9. The data processing system of claim 8, where the resource reallocation control logic is configured to receive the notification of the faulty resource by receiving an OTA update identifying a vulnerable resource at one of the data processing subsystems.
10. The data processing system of claim 8, where the resource reallocation control logic is configured to receive the notification of the faulty resource by receiving a notification of a permanent random hardware fault at one of the data processing subsystems.
11. The data processing system of claim 8, where the resource reallocation control logic is configured to isolate the faulty resource by programming the interconnect manager to switch off or disable a resource clock or interface signal sent over the interconnect bus to the faulty resource.

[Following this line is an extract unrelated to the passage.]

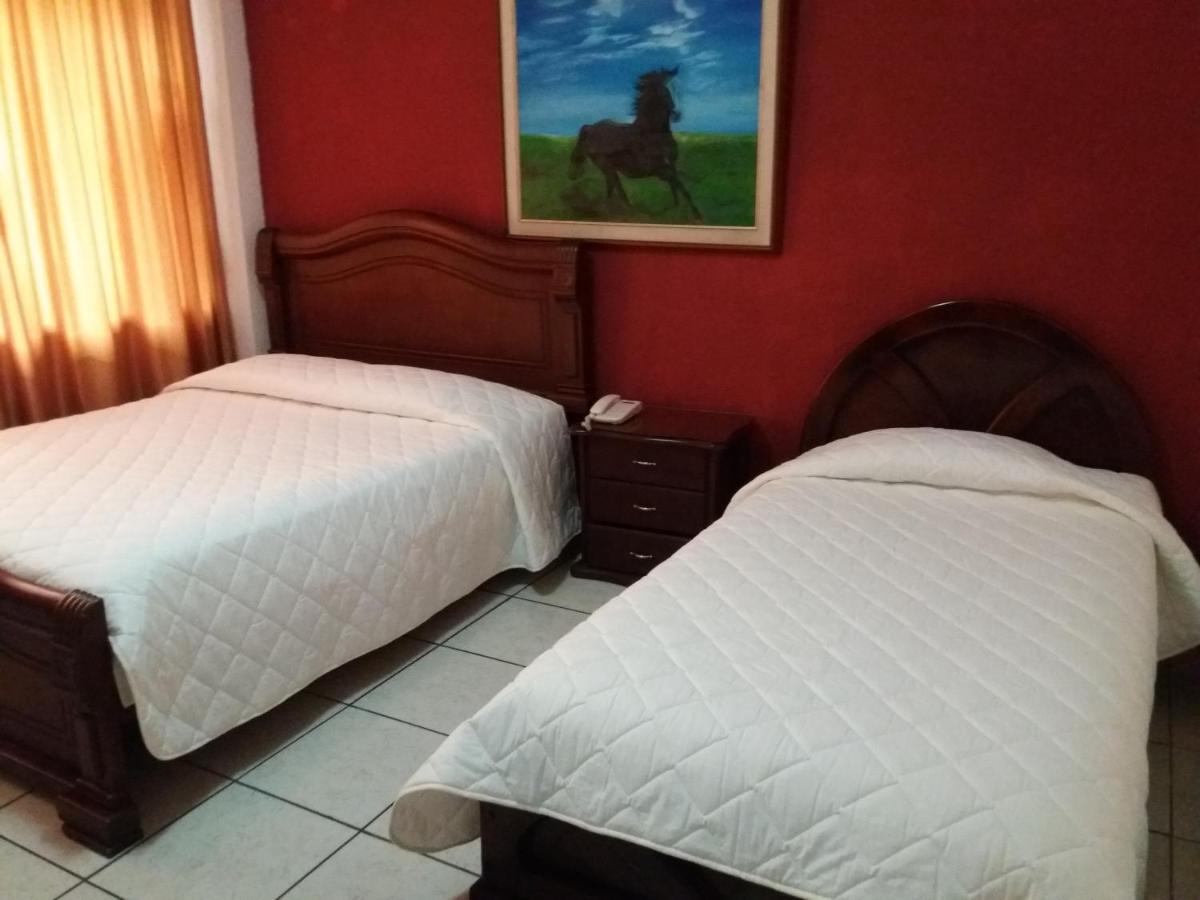 Hotel Puerta Del Sol سانتو دومينغو دا لوس كولورادوس المظهر الخارجي الصورة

12. The data processing system of claim 8, where the resource reallocation control logic is configured to reconfigure the spare resource subsystem by reconfiguring a spare logic array at the data processing system with the OTA update code.
13. The data processing system of claim 8, where the resource reallocation control logic is configured to reconfigure the spare resource subsystem by reconfiguring a spare central processing unit (CPU) subsystem at the data processing system with the OTA update code.

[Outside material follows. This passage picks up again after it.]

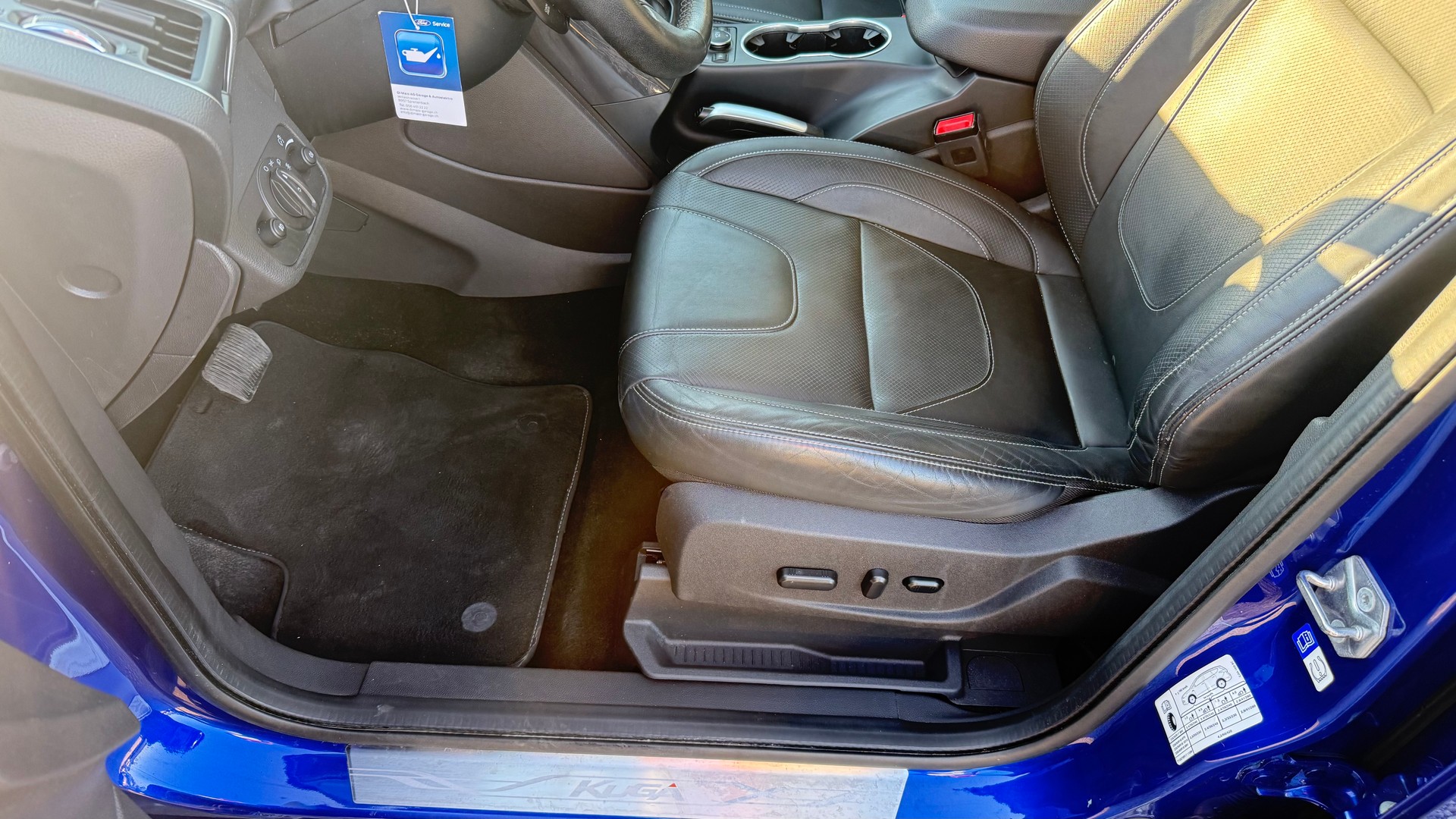 FORD Kuga 2.0 TDCi Titanium S 4WD PowerShift-image-3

14. The data processing system of claim 8, where the resource reallocation control logic is configured to reconfigure the spare resource subsystem by reconfiguring a new hardware device added to the data processing system with the OTA update code.
15. A fault and attack tolerant method for operating a System-on-Chip (SoC) device comprising a resource reallocation management subsystem and a plurality of SoC subsystems integrated on a shared semiconductor substrate and coupled together over a programmable interconnect bus, the method comprising:
programming, by the resource reallocation management subsystem, the programmable interconnect bus to disconnect a faulty resource at one of the plurality of SoC subsystems from the SoC device;
receiving, by the resource reallocation management subsystem, over-the-air (OTA) programming code for storage at flash memory connected to the SoC device;
reconfiguring, by the resource reallocation management subsystem, a spare resource subsystem at the SoC device with the OTA programming code stored at the flash memory, thereby generating a reconfigured spare resource subsystem; and
reprogramming, by the resource reallocation management subsystem, the programmable interconnect bus to connect the reconfigured spare resource subsystem with the SoC device to replace the faulty resource at one of the data processing subsystems.
16. The fault and attack tolerant method of claim 15, further comprising:
receiving, at the resource reallocation management subsystem, a notification of the faulty resource at one of the data processing subsystems.
17. The fault and attack tolerant method of claim 15, where programming the programmable interconnect bus comprises programming an interconnect manager at the programmable interconnect bus to switch off or disable a resource clock or interface signal sent over the programmable interconnect bus to the faulty resource.
18. The fault and attack tolerant method of claim 15, where reconfiguring the spare resource subsystem comprises reconfiguring a spare logic array at the SoC device with the OTA programming code.
19. The fault and attack tolerant method of claim 15, where reconfiguring the spare resource subsystem comprises reconfiguring a spare central processing unit (CPU) subsystem at the SoC device with the OTA programming code.
20. The fault and attack tolerant method of claim 15, where reconfiguring the spare resource subsystem comprises reconfiguring a new hardware subsystem added to the SoC device with the OTA programming code.